━━━━━ WORKING DATA

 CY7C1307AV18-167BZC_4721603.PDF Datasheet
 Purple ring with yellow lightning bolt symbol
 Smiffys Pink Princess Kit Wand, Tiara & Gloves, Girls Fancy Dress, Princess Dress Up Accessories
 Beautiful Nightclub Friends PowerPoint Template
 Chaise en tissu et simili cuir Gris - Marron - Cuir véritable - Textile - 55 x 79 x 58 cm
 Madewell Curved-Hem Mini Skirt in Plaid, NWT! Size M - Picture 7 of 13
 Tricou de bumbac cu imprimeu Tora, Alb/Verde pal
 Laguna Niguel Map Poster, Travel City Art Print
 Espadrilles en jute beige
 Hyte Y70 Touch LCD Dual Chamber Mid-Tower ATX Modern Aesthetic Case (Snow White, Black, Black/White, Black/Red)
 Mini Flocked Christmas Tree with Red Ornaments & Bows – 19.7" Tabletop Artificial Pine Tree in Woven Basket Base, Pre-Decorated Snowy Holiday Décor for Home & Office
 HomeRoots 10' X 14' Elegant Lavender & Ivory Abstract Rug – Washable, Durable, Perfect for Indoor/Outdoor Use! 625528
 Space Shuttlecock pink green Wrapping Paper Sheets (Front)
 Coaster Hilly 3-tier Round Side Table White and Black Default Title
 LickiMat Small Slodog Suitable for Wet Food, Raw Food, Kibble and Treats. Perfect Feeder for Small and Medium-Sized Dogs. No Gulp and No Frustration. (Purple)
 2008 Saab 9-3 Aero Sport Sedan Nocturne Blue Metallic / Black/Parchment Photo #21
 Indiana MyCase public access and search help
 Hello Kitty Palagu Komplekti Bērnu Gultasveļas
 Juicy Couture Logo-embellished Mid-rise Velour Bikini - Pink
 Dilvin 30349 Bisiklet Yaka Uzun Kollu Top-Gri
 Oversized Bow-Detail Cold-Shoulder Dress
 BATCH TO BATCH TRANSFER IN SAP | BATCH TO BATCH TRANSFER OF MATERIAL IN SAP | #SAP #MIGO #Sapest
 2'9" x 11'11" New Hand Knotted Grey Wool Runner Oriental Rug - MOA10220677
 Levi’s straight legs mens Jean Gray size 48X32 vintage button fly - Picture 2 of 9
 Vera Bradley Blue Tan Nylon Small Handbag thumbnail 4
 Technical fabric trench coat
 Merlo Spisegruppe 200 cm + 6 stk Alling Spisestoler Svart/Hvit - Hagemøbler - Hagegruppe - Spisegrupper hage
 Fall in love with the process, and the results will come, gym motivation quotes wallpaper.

━━━━━━━━━━

• _WORK TO COMPLETE_: Every line above should be printed again exactly as it stands.

• _WRITTEN SOLUTION_:
 CY7C1307AV18-167BZC_4721603.PDF Datasheet
 Purple ring with yellow lightning bolt symbol
 Smiffys Pink Princess Kit Wand, Tiara & Gloves, Girls Fancy Dress, Princess Dress Up Accessories
 Beautiful Nightclub Friends PowerPoint Template
 Chaise en tissu et simili cuir Gris - Marron - Cuir véritable - Textile - 55 x 79 x 58 cm
 Madewell Curved-Hem Mini Skirt in Plaid, NWT! Size M - Picture 7 of 13
 Tricou de bumbac cu imprimeu Tora, Alb/Verde pal
 Laguna Niguel Map Poster, Travel City Art Print
 Espadrilles en jute beige
 Hyte Y70 Touch LCD Dual Chamber Mid-Tower ATX Modern Aesthetic Case (Snow White, Black, Black/White, Black/Red)
 Mini Flocked Christmas Tree with Red Ornaments & Bows – 19.7" Tabletop Artificial Pine Tree in Woven Basket Base, Pre-Decorated Snowy Holiday Décor for Home & Office
 HomeRoots 10' X 14' Elegant Lavender & Ivory Abstract Rug – Washable, Durable, Perfect for Indoor/Outdoor Use! 625528
 Space Shuttlecock pink green Wrapping Paper Sheets (Front)
 Coaster Hilly 3-tier Round Side Table White and Black Default Title
 LickiMat Small Slodog Suitable for Wet Food, Raw Food, Kibble and Treats. Perfect Feeder for Small and Medium-Sized Dogs. No Gulp and No Frustration. (Purple)
 2008 Saab 9-3 Aero Sport Sedan Nocturne Blue Metallic / Black/Parchment Photo #21
 Indiana MyCase public access and search help
 Hello Kitty Palagu Komplekti Bērnu Gultasveļas
 Juicy Couture Logo-embellished Mid-rise Velour Bikini - Pink
 Dilvin 30349 Bisiklet Yaka Uzun Kollu Top-Gri
 Oversized Bow-Detail Cold-Shoulder Dress
 BATCH TO BATCH TRANSFER IN SAP | BATCH TO BATCH TRANSFER OF MATERIAL IN SAP | #SAP #MIGO #Sapest
 2'9" x 11'11" New Hand Knotted Grey Wool Runner Oriental Rug - MOA10220677
 Levi’s straight legs mens Jean Gray size 48X32 vintage button fly - Picture 2 of 9
 Vera Bradley Blue Tan Nylon Small Handbag thumbnail 4
 Technical fabric trench coat
 Merlo Spisegruppe 200 cm + 6 stk Alling Spisestoler Svart/Hvit - Hagemøbler - Hagegruppe - Spisegrupper hage
 Fall in love with the process, and the results will come, gym motivation quotes wallpaper.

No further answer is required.